Pierre Pettigrew Minister for International Co-operation and Minister responsible for Francophonie

Mr. Speaker, the presence of the Minister of Foreign Affairs before the UN Security Council today is very important, and at this time I would not wish to commit Canadian diplomacy as specifically as the hon. member for the opposition would have us do, since these discussions are now taking place in New York.

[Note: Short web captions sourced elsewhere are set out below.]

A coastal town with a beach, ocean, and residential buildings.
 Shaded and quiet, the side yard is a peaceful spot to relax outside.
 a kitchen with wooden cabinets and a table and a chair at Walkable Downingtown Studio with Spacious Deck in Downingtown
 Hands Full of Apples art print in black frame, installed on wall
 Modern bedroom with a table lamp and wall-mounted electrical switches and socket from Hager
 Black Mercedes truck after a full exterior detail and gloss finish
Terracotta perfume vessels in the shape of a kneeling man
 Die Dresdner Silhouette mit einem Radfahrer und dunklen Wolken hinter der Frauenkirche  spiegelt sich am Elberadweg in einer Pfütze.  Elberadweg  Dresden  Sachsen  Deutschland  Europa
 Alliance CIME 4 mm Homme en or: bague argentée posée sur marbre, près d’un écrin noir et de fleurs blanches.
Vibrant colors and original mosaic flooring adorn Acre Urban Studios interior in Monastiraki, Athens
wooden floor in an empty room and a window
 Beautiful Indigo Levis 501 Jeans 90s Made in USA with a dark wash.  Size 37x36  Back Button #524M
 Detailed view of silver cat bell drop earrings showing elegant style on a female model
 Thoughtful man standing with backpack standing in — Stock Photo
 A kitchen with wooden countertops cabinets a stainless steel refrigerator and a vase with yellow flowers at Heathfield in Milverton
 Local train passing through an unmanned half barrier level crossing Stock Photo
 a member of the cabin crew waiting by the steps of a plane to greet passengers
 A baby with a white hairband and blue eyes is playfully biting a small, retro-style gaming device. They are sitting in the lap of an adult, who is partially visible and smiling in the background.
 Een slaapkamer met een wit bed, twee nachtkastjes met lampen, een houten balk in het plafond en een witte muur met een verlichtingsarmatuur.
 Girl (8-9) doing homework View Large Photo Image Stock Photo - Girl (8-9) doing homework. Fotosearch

Consultations are proceeding at extremely important levels, and I believe we would not be acting very responsibly by making a commitment at the very moment the Security Council is discussing this question.

Quebec
Oral Question Period

11:35 a.m.

Reform

Monte Solberg Medicine Hat, AB

Mr. Speaker, the Minister of Justice is sending out some fairly confusing signals. Yesterday and today he suggested that Canadians would have a full voice on any developments surrounding the future of their country in the event of Quebec's secession. However, today he stopped short of saying that Canadians would be involved and have a voice in a referendum campaign in the event of Quebec's secession.

Is it the government's position that a full and meaningful voice would mean that they would have a vote in a referendum campaign?